The extent of the loss of company data was not immediately clear, although officials planned to ask all employees to change their user names and passwords on the assumption that many or all of them may have been compromised. Although company passwords are stored in encrypted form, hackers in some cases have shown the ability to decode such information.

Post officials, who on Wednesday learned of the intrusion from Mandiant, a cybersecurity contractor that monitors the company’s networks, said the intrusion was of relatively short duration.
“This is an ongoing investigation, but we believe it was a few days at most,” said Post spokeswoman Kris Coratti.
Officials said they saw no evidence that subscriber information, such as credit cards or home addresses, was accessed by the hackers. Nor was there any sign that the hackers had gained access to The Post’s publishing system, e-mails or sensitive personal information of employees, such as their Social Security numbers.
The company’s suspicions immediately focused on the possibility that Chinese hackers were responsible for the hack. Evidence strongly pointed to Chinese hackers in a 2011 intrusion of The Post’s network and in hacks against the New York Times, the Wall Street Journal and a wide range of Washington-based institutions, from think tanks to human rights groups and defense contractors.
This more-recent hack, Post officials said, began with an intrusion into a server used by The Post’s foreign staff but eventually spread to other company servers before being discovered.
In August, the Syrian Electronic Army briefly succeeded in redirecting readers of articles on washingtonpost.com to its own Web site. The group supports Syrian President Bashar al-Assad, who is battling rebels in a civil war.
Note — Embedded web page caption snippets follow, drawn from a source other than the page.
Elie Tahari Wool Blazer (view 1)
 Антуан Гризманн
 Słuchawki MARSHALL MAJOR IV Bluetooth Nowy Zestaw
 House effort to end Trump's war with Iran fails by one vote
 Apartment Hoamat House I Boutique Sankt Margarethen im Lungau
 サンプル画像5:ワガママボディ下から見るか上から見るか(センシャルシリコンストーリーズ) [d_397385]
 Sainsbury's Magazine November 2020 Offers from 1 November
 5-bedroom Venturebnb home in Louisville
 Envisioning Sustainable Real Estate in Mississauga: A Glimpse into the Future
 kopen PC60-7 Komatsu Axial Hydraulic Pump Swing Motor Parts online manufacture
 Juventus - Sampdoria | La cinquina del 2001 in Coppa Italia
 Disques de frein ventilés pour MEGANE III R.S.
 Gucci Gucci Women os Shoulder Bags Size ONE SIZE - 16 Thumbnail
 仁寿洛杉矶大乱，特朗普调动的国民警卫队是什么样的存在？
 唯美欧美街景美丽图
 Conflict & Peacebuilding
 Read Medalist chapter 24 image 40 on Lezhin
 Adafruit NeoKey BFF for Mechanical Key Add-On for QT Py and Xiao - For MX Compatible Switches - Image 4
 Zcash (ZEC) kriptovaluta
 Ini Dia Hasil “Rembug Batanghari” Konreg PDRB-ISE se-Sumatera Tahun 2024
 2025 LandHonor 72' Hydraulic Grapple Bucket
The Syrian Electronic Army was also suspected in a “phishing” attack aimed at securing the log-in information of the e-mail accounts of Post journalists. The source of the attack sent e-mails to Post employees that appeared to emanate from colleagues. The e-mails directed recipients to click a link and provide log-in data. That information could have been used by an outside source to gain unauthorized access to the company’s computer network.